» What you need to do:
From the line containing "Prime Location 💠" through the last line of the entries below, transcribe each line exactly, excluding any picture.

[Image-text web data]
* * *
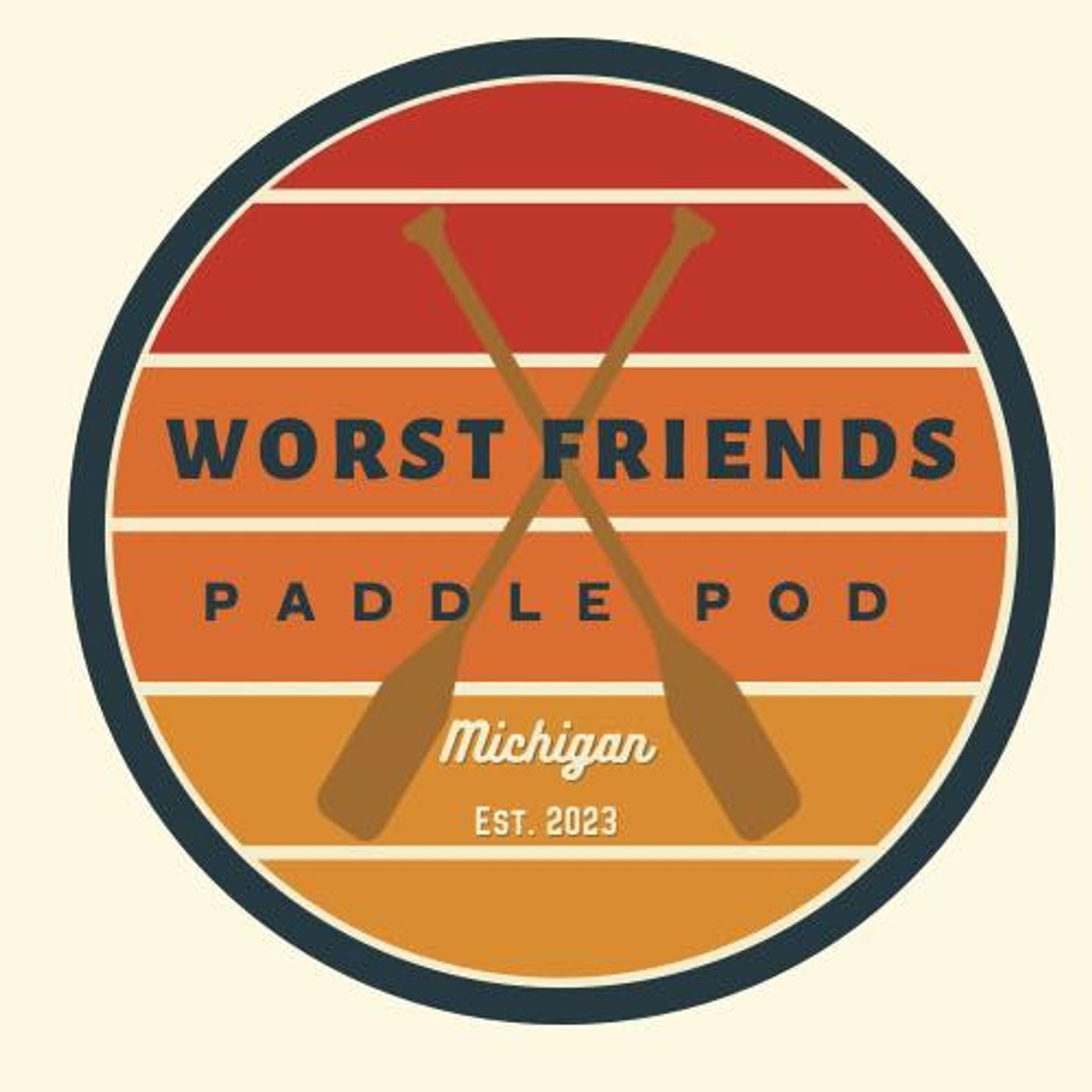 Worst Friends Paddle Pod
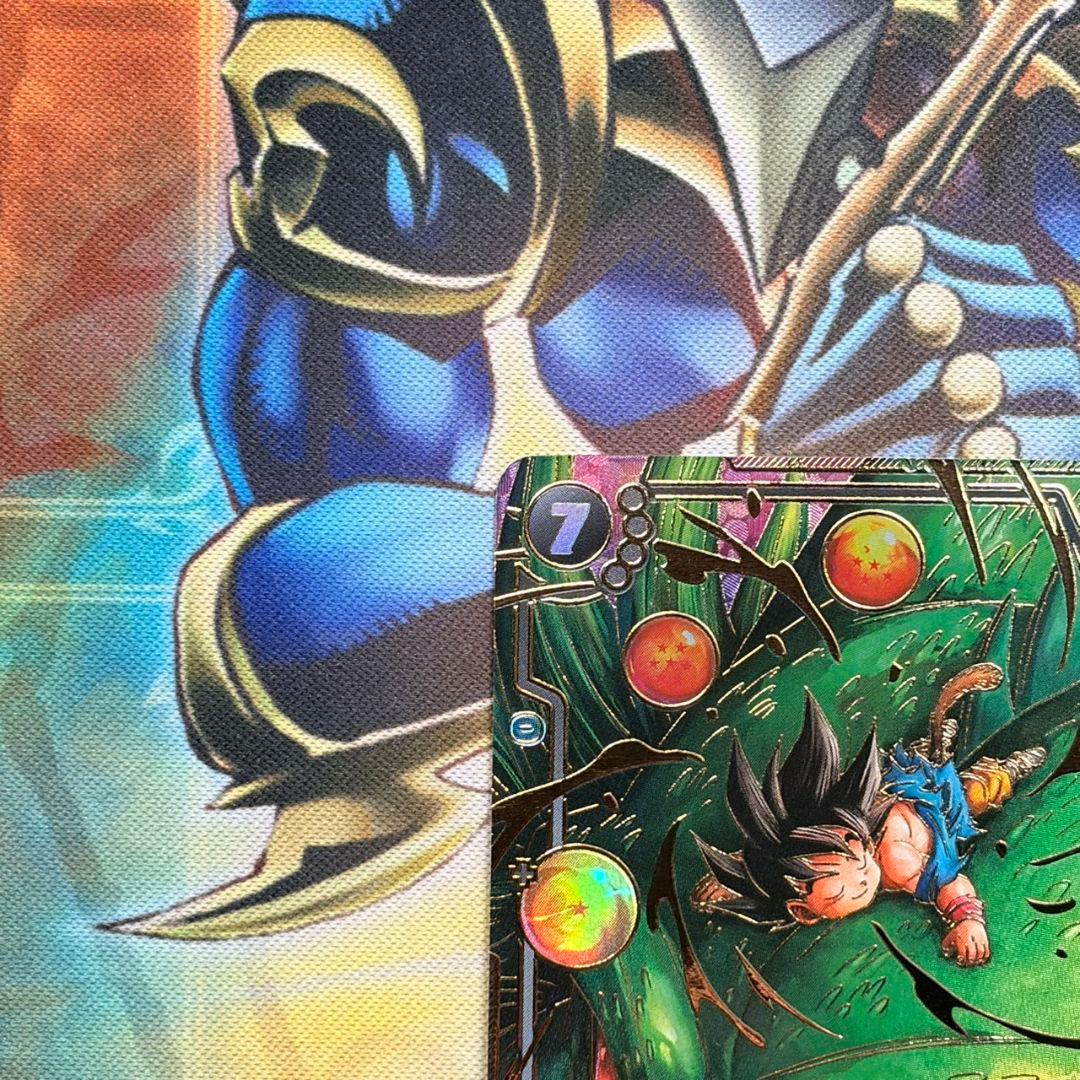 ドラゴンボール フュージョンワールド 孫悟空:GT FB07-122 パラレル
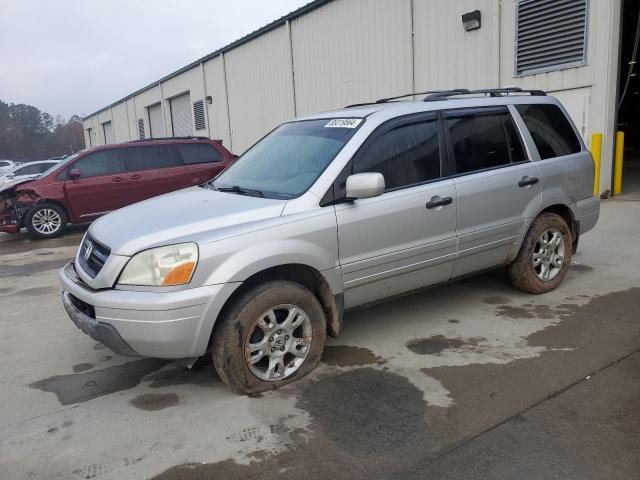 2005 Honda Pilot Exl
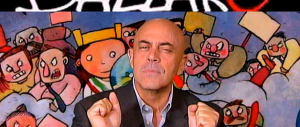 «L’Italia in mano ai giudici, decidono loro anche chi governa». Berlusconi? No, parola di Maurizio Crozza…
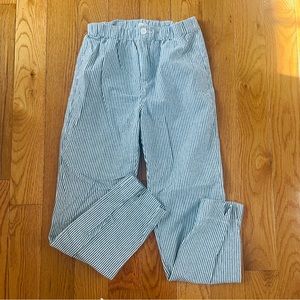 BRANDY MELVILLE- John Galt Tilden Striped Pants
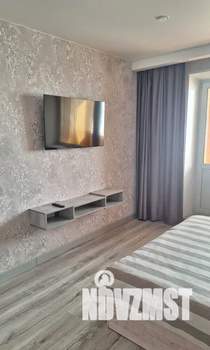 1-к квартира, посуточно, 56м2, 6/10 этаж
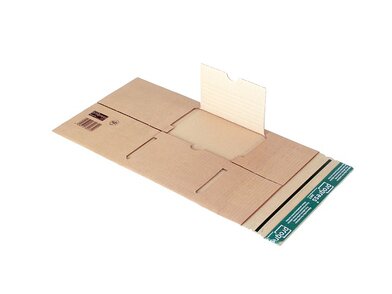 Wickelverpackung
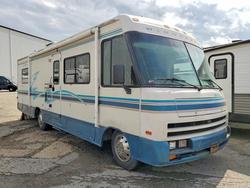 Winnebago salvage cars for sale: 1996 Winnebago Brave rv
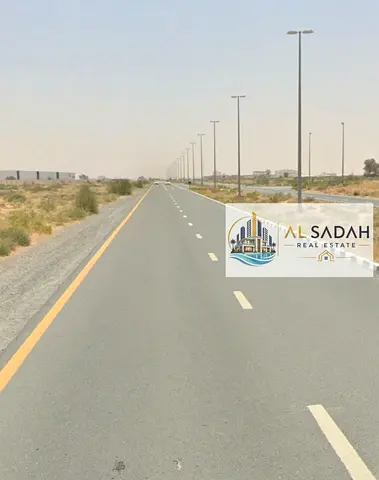 💠 Industrial Land for Sale in Sharjah – Al Saja’a Industrial Area | Prime Location 💠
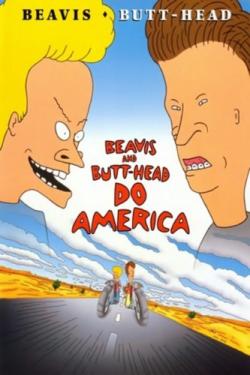   -   / Beavis and Butt-Head Do America AVO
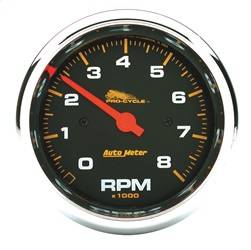 AutoMeter - AutoMeter 19300 Pro-Cycle Tachometer - Image 1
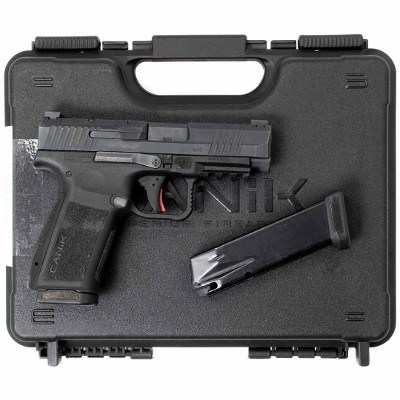 CANIK METE MC9LS 9MM LUGER (9X19 PARA) - Image 3 of 3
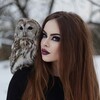 Логотип телеграм канала @tanyaberkut — Tanya Bright | Таня Беркут 🖤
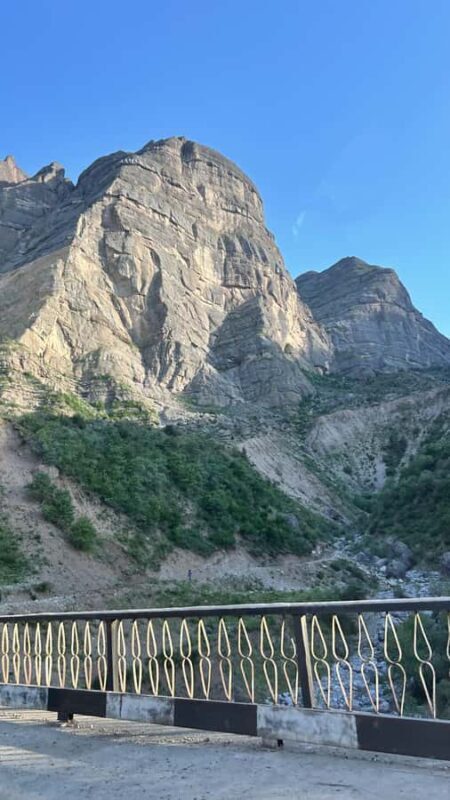 Dushanbe: 2-Day Pamir Highway Tour with Guide - The Sum Up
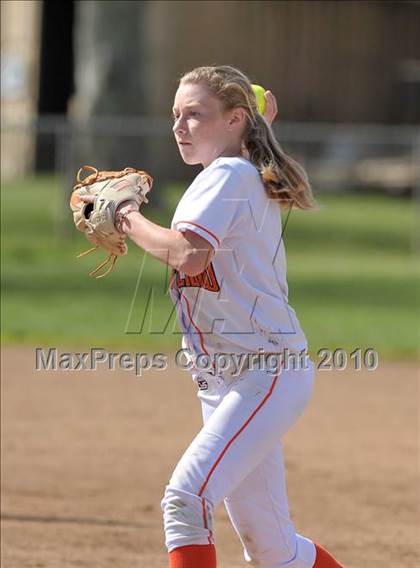 Thumbnail 1 in Roseville vs. Woodland (Victory Pre-Season Tournament) photogallery.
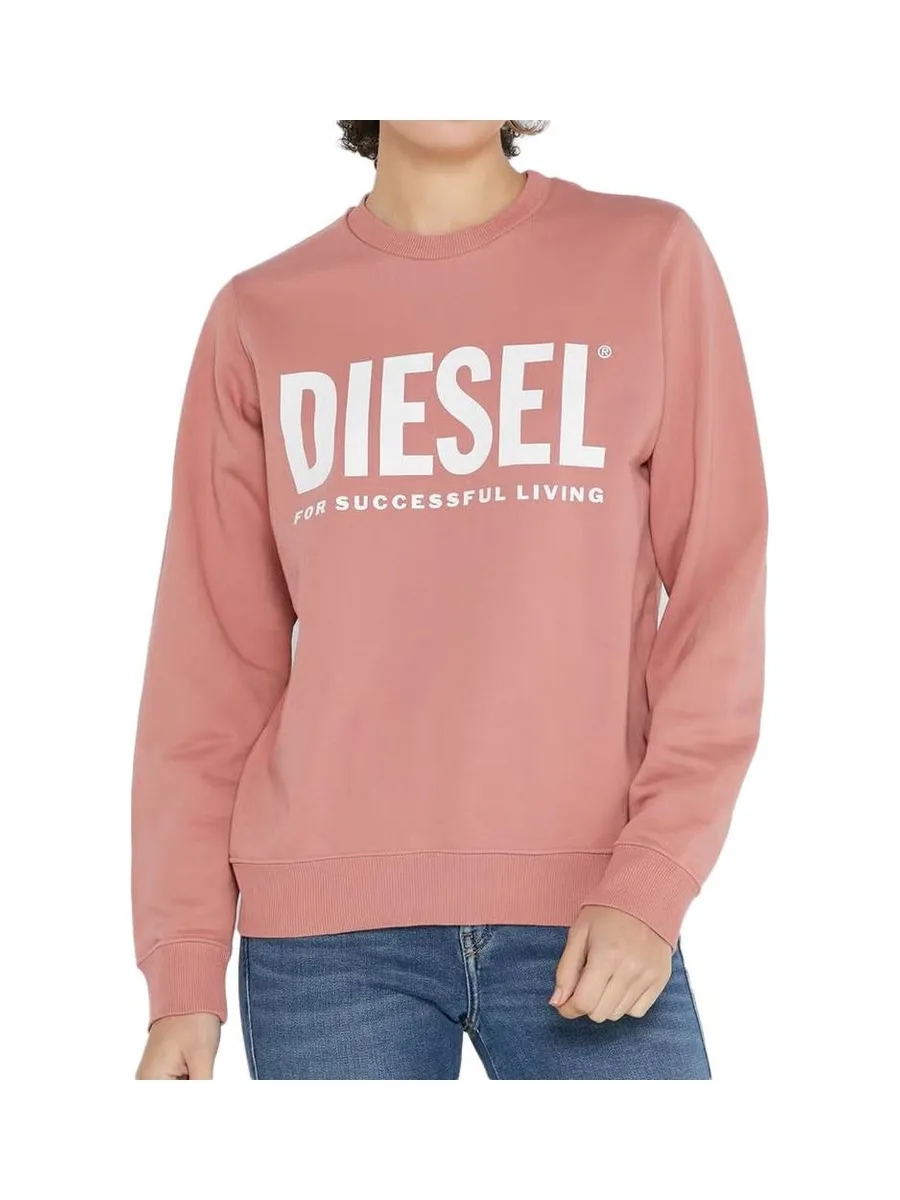 Sweat Rose Femme Diesel Fangs 2
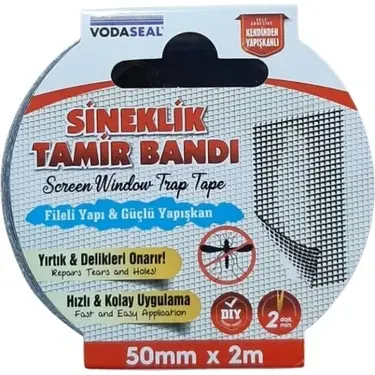 Vodaseal Sineklik Tamir Bandı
* * *
» Result for this task:
 💠 Industrial Land for Sale in Sharjah – Al Saja’a Industrial Area | Prime Location 💠
   -   / Beavis and Butt-Head Do America AVO
 AutoMeter - AutoMeter 19300 Pro-Cycle Tachometer - Image 1
 CANIK METE MC9LS 9MM LUGER (9X19 PARA) - Image 3 of 3
 Логотип телеграм канала @tanyaberkut — Tanya Bright | Таня Беркут 🖤
 Dushanbe: 2-Day Pamir Highway Tour with Guide - The Sum Up
 Thumbnail 1 in Roseville vs. Woodland (Victory Pre-Season Tournament) photogallery.
 Sweat Rose Femme Diesel Fangs 2
 Vodaseal Sineklik Tamir Bandı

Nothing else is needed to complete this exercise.